XPS spectra of CuO/rGO, rGO and GO.

Fig. 11.9
figure 9

Reprinted with permission from Ref.  [38]. Copyright (2014) American Chemical Society

Impedances of the sensors based on a reduced graphene oxide, b metal-oxide and c rGO/metal-oxide composite under different RHs measured at different frequencies.

Fig. 11.10
figure 10

Reprinted with permission from Ref. [38]. Copyright (2014) American Chemical Society

Response and recovery properties of the sensors fabricated with a metal-oxide and the composites b rGO/metal-oxide nanocomposite.

Gas Sensing of Metal-Oxide/rGO Nanocomposite Toward Different Gases.

NO2 Gas Sensor

Recently, Jyoti et al. [13] investigated the composite of metal-oxide/rGO against the various concentration of NO2 from 4–100 ppm. They also studied the sensing performance by varying the temperature and it was found that at room temperature, maximum percentage response of 48.4% at the concentration of NO2 at 40 ppm was obtained.

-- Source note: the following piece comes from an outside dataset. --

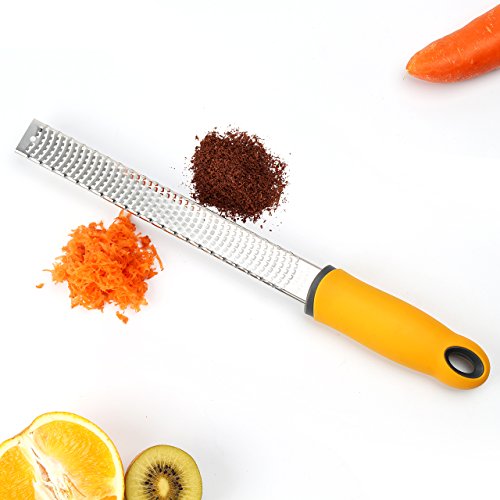 Râpe à fromage et zesteur avec une manche ergon...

Mao et al. [14] reported that rGO-based SnO2 gas sensor enhances the sensing properties toward NO2 while for NH3, the sensing becomes weak. SnO2/rGO nanocomposite sensors exhibit a sensitivity of 1.29–2.87 for NO2 (100 ppm) and sensitivity increases by 3.0–33.4% as compared to bare rGO. Whereas it shows 1.20–1.47 sensitivity for NH3 and the sensitivity reduces by 13.4–23.8% with comparison to rGO. Kumar [18] and his co-workers investigated the chemically synthesized rGO/ZnO nanocomposite. The author suggested that the ZnO/rGO nanocomposite gas sensor exhibits a good sensing response toward NO2 gas. As compared to pure rGO, ZnO/rGO nanocomposite shows a high sensing response of ca. 32% against the NO2 gas for 50 ppm at 50 ℃. Gu et al. [32] demonstrated the sensing performance of In2O3/rGO nanocomposite. The results reveal that In2O3/rGO nanocomposite exhibits excellent selectivity, high response, and relatively short response and recovery time while detecting the NO2 at room temperature. For the concentration 5–50 ppm of NO2, there shows a rapid increase of response. While after concentration reached 50–100 ppm, it was found that response increases slowly which might be attributed to the fact that NO2 reaches its saturation. The In2O3/rGO nanocomposite gas sensor shows a response at 8.25, response time in 4 min and recovery time in 24 min.

LPG Gas Sensor

Goutham et al. [12] designed a gas sensor using CdO/rGO nanocomposite for the detection of LPG gas. When there was an exposure of LPG, a decrease in resistivity was observed. CdO/rGO (1 wt. %) sensor shows a sensitivity of LPG gas at 27 °C for concentration 600 ppm with the increasing response of 70%. Further, the author concluded that even at room temperature, CdO/rGO nanocomposite gas sensor shows highly selective, stable, and sensitive to the low concentration of LPG. Ghule et al. [33] investigated the sensing performance of Fe2O3/graphene-oxide nanocomposite toward the LPG gas. The sensitivity against LPG for 100 ppm concentration at room temperature shows that the 1.0 wt.% GO/Fe2O3composite sensor exhibits ~35% to that of other GO/Fe2O3 composite sensors, GO sensor and Fe2O3 sensor which shows 20–30%, ~15%, and ~25%, respectively. The author attributed to that of large specific surface area and reduced charge transfer resistance, which, in general, has more surface-active surface sites for adsorbing LPG molecules than those of individual and other low-surface area sensors.

Ammonia Gas Sensor

Sakthivel et al. [35] synthesized CuO/rGO nanocomposite for the use in detecting ammonia. It was found that the rGO-CuO nanocomposite sensor showed a fast response in 12 s and a short recovery time of around 90 s for concentration 600 ppm toward NH3 at 150 °C (Figs. 11.9 and 11.10).

Conclusions

The previous work reported by the researchers on graphene-based metal-oxide nanocomposite was reviewed in this context. The sensing properties observed toward different gases like NO2, LPG gas, NH3, H2, etc., by various rGO-based metal-oxide nanocomposite were discussed. The addition of rGO with metal-oxide improved the sensing properties and enhanced the response of the sensor. The results were obtained differently for different gas sensors prepared by different synthesis processes. The characterization techniques such as SEM, TEM, XRD, FTIR, Raman, and CV measurement give information about the structural, morphology, and behavior of the metal-oxide/rGO nanocomposite that were also depicted.